PTEN (phosphatase and tensin homologue), as a tumor suppressor gene, plays a significant role in regulating cell growth, proliferation, and apoptosis. Results from published studies for association between the PTEN IVS4 I/D (rs3830675) polymorphism and cancer risk are inconsistent and inconclusive. We therefore conducted a meta-analysis to evaluate the potential association between PTEN IVS4 I/D polymorphism and risk of cancer in detail. We searched PubMed (Medline) and EMBASE web databases to cover all relevant studies published until December 2013. The meta-analysis was carried out and pooled odds ratios (ORs) and 95% confidence intervals (95%CIs) were used to appraise the strength of association.

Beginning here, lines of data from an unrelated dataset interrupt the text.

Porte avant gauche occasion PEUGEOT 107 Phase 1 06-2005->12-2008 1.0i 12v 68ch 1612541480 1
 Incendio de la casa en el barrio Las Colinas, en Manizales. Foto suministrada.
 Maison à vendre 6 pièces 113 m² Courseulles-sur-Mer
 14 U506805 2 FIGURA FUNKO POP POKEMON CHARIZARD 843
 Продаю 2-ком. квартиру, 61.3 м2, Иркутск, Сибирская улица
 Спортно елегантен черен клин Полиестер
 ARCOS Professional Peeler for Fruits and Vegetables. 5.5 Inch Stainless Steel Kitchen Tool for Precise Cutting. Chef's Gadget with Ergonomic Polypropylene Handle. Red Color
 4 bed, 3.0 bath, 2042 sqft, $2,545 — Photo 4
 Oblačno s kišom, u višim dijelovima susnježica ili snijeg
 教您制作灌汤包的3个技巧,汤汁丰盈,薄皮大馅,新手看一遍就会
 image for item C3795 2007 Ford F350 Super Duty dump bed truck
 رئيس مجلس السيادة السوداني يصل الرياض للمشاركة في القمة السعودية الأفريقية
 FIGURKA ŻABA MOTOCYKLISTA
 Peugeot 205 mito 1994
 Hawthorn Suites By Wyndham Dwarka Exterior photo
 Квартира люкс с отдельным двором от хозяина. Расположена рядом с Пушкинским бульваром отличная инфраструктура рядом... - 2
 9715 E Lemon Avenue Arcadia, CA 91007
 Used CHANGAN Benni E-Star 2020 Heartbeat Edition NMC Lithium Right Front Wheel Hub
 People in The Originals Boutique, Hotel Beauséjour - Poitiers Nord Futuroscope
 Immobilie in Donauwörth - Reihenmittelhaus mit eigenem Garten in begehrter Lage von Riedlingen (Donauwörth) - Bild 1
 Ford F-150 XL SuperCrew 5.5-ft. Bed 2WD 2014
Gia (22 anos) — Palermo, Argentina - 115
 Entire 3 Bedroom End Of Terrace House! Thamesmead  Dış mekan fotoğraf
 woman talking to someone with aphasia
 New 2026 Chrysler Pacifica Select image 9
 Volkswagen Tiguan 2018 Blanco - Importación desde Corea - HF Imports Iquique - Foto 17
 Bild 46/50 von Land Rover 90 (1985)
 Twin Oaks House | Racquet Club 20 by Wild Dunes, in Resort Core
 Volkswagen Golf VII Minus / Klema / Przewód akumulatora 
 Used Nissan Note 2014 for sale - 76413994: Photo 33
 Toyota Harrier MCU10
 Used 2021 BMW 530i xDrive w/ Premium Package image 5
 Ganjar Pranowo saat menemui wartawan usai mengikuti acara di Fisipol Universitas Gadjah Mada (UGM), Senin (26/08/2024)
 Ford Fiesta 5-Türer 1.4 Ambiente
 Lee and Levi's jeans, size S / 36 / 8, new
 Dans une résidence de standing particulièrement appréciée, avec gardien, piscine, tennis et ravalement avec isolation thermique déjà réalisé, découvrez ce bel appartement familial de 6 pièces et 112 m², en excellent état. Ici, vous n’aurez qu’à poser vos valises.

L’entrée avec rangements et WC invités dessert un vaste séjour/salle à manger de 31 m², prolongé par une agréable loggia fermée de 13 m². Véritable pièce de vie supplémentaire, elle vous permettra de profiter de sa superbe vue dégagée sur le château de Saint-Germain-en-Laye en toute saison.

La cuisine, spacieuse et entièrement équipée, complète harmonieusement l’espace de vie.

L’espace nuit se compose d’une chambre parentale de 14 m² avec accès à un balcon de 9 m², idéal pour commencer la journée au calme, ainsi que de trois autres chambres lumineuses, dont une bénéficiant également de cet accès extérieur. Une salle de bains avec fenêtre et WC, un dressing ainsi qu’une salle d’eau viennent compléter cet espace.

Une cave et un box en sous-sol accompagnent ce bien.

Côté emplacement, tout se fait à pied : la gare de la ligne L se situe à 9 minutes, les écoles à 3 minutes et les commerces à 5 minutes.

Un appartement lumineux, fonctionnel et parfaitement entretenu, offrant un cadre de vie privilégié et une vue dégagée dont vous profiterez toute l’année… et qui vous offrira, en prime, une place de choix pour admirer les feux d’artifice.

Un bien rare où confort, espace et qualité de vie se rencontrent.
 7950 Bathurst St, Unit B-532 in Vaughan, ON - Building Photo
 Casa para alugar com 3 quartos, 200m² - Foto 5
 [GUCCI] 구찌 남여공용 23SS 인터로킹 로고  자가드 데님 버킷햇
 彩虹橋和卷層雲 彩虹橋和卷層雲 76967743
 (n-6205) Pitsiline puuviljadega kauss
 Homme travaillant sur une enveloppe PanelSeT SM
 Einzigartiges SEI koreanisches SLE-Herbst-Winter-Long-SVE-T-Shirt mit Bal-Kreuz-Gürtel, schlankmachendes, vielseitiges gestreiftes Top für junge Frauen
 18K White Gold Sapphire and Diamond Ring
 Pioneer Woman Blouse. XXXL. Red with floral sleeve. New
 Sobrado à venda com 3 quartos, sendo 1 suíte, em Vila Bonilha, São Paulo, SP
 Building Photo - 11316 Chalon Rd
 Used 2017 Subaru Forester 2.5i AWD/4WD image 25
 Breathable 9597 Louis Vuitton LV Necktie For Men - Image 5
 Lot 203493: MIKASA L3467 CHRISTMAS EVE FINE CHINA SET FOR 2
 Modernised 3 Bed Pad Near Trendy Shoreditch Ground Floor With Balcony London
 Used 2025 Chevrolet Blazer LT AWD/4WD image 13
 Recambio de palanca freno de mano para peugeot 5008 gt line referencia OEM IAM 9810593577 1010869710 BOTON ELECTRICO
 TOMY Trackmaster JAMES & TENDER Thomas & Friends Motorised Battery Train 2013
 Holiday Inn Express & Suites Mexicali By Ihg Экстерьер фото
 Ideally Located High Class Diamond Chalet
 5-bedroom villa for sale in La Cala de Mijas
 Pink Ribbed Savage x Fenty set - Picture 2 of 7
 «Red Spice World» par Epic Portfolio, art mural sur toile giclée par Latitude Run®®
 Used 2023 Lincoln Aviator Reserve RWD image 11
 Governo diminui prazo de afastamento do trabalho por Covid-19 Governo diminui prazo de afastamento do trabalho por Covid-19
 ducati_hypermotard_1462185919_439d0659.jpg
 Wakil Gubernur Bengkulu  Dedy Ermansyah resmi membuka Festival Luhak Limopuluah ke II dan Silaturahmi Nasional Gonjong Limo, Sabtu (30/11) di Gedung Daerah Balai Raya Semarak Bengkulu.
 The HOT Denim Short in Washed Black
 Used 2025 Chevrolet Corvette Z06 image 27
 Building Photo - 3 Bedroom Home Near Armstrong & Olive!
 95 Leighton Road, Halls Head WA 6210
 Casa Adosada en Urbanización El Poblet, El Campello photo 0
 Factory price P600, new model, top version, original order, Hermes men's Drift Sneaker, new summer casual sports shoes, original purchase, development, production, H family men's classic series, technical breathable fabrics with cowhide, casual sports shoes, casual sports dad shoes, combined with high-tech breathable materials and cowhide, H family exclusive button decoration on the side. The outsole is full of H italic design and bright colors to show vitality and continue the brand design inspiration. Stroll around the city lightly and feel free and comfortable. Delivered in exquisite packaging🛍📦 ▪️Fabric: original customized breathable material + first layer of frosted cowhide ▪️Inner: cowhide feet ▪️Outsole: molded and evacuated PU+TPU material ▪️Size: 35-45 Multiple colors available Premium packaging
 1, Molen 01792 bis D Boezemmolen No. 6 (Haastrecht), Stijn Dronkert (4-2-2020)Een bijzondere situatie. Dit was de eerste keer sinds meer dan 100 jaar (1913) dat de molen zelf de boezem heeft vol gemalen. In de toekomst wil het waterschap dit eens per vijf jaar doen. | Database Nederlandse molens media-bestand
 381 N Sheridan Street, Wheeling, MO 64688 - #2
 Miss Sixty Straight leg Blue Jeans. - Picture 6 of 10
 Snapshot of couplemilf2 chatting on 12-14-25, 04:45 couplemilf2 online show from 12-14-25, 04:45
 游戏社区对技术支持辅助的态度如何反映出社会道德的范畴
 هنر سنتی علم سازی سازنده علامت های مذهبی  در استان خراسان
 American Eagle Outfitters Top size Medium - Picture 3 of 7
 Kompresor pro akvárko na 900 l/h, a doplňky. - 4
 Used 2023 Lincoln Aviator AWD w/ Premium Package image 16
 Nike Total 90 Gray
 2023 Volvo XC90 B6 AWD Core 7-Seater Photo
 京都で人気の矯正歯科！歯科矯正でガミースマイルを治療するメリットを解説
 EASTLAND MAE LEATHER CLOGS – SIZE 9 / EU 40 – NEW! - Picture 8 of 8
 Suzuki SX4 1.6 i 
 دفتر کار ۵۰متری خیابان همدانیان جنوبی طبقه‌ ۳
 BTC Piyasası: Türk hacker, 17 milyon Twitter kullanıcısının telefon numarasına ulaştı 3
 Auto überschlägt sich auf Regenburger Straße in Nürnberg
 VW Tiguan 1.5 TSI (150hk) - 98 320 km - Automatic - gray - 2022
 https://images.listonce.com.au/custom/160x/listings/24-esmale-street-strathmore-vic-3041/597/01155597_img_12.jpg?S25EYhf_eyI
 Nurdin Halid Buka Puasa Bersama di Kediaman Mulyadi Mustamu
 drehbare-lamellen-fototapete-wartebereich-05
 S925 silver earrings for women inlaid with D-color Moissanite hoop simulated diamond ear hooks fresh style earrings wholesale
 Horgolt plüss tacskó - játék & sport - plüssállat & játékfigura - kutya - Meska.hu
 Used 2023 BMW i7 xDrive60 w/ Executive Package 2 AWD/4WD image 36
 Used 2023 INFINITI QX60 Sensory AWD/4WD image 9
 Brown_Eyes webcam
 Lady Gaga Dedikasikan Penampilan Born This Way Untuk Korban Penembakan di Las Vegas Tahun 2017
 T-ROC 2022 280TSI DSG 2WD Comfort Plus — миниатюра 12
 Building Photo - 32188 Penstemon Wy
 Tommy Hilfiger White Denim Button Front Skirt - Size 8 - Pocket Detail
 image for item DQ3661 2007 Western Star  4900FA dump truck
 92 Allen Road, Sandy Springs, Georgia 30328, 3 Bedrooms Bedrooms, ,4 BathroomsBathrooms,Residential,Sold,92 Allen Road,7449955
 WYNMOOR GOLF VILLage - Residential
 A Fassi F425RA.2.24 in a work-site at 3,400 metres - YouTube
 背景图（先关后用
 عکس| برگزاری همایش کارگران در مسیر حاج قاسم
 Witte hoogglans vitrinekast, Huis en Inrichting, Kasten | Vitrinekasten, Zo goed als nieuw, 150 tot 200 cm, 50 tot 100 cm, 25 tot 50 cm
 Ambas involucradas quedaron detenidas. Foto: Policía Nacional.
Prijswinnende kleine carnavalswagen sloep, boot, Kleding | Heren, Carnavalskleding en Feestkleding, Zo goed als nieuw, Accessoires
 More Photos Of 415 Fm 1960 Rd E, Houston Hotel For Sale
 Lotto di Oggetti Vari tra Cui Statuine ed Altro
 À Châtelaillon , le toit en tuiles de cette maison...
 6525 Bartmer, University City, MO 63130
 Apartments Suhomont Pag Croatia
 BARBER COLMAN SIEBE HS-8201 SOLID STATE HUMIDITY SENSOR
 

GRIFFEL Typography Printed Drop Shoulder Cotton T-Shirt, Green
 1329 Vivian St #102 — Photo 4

A total of 1,993 confirmed cancer cases and 3,200 controls were included from six eligible case-control studies. Results from overall pooled analysis suggested a significant effect of the PTEN IVS4 I/D polymorphism and cancer risk in all genetic models, i.e., allele (I vs D: OR=0.743, 95%CI=0.648 to 0.852, p=0.001), homozygous (II vs DD: OR=0.673, 95%CI=0.555 to 0.816, p=0.001), heterozygous (ID vs DD: OR=0.641, 95%CI=0.489 to 0.840, p=0.001), dominant (II+ID vs DD: OR=0.626, 95%CI=0.489 to 0.802, p=0.001) and recessive (II vs DD+ID: OR=0.749, 95%CI=0.631 to 0.889, p=0.001). Significant publication bias was detected during the analysis. The present meta-analysis suggests that the PTEN IVS4 I/D polymorphism is significantly associated with reduced risk of cancer. However, future larger studies with other groups of populations are warranted to clarify this association.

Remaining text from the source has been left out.